Place Wall O' Waters around Plants
Wall O' Waters (see Figure 21-4) are double-walled, clear-plastic cylinders that hold narrow columns of water around your favorite vegetables. By placing Wall O' Waters around heat-loving plants, such as tomatoes, you can get a jump on spring. The water in the cylinders absorbs the warmth of the sun during the day and slowly releases the stored heat at night to protect your plants in cold temperatures. Even if the water freezes, it releases enough heat
to protect your plants. Wall O' Waters have been reported to protect tomatoes in temperatures as low as 16 degrees.
Figure 21-4: This Wall O' Water surrounds a tomato plant.

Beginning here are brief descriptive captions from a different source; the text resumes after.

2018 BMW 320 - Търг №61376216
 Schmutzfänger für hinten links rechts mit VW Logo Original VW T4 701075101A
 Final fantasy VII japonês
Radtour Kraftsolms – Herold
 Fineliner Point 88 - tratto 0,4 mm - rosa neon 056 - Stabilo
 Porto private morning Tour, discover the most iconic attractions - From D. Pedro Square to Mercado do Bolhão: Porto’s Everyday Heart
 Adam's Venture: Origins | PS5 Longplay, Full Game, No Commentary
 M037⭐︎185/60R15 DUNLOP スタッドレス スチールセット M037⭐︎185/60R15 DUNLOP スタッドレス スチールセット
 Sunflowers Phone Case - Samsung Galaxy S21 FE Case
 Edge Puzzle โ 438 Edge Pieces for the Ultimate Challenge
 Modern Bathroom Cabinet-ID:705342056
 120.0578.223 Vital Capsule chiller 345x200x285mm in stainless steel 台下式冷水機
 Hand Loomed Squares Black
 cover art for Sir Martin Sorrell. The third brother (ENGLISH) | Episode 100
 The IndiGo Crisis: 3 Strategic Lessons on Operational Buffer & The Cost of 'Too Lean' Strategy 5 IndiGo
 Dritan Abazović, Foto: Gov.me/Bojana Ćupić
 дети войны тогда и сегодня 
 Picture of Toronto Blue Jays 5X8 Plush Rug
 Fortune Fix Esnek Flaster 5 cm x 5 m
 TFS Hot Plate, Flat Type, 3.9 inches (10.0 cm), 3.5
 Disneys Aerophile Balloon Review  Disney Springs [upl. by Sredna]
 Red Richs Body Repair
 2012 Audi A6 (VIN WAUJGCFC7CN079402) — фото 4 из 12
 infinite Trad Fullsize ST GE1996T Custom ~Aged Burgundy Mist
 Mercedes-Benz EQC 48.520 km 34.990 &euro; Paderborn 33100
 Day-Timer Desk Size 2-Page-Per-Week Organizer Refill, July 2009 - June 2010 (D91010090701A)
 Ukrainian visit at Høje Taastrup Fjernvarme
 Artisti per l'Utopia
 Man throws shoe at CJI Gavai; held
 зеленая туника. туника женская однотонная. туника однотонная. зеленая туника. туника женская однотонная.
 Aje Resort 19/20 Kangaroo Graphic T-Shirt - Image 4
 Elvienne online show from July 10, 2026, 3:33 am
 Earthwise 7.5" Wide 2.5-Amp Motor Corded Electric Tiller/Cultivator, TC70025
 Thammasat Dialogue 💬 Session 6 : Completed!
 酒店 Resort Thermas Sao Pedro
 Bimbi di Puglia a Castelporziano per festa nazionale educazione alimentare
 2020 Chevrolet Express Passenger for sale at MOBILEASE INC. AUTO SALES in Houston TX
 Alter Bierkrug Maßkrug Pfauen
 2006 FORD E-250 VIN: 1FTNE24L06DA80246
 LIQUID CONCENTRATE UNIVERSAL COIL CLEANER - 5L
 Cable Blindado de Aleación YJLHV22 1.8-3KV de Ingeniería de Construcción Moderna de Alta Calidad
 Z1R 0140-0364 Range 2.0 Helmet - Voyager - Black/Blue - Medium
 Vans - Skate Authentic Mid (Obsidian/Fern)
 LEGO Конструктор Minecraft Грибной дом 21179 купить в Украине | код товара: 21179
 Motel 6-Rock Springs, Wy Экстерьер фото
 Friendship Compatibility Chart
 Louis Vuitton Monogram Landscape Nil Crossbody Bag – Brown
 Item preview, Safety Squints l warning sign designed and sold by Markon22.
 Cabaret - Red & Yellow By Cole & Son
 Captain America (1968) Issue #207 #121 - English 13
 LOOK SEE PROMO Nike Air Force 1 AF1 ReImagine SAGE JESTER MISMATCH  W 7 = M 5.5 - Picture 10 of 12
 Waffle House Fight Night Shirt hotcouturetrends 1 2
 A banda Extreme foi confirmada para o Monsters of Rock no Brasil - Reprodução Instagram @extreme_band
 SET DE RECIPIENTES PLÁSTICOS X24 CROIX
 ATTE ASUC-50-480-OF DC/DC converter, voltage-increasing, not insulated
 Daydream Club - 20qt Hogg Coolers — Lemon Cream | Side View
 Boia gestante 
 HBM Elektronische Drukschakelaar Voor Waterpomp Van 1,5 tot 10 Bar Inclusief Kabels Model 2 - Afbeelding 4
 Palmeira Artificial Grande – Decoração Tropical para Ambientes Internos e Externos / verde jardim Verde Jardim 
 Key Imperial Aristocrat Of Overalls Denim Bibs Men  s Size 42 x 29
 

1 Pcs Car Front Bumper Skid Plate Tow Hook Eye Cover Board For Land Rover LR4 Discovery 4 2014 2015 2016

To prevent overheating during the day, leave the tops open. For added protection at night, collapse the tops of these devices into a pyramid shape. Of course, after a plant has grown for a few weeks, it will outgrow the plastic cylinder, so you'll have to remove the Wall O' Water. But what a jump on the growing season you'll have by then!
Try Portable Greenhouses and Hoop Houses
If you really want to extend the growing season, stop fooling around with hot caps and blankets and buy a portable greenhouse or hoop house. You can find many different free-standing portable greenhouses on the market that are great for getting an early jump on the growing season and extending it into the fall. Walk-through hoop houses also have become popular because of their low cost and ease of use. They have a metal shell with clear plastic pulled over it and doors on either side. They keep the air warmer than a cold frame, but they're not as warm as a conventional greenhouse. Greenhouses and hoop houses can range in price from $200 to $2,000, depending on the materials and size. In the appendix, I list a number of manufacturers and suppliers that can help you choose the right greenhouse or hoop house for your location.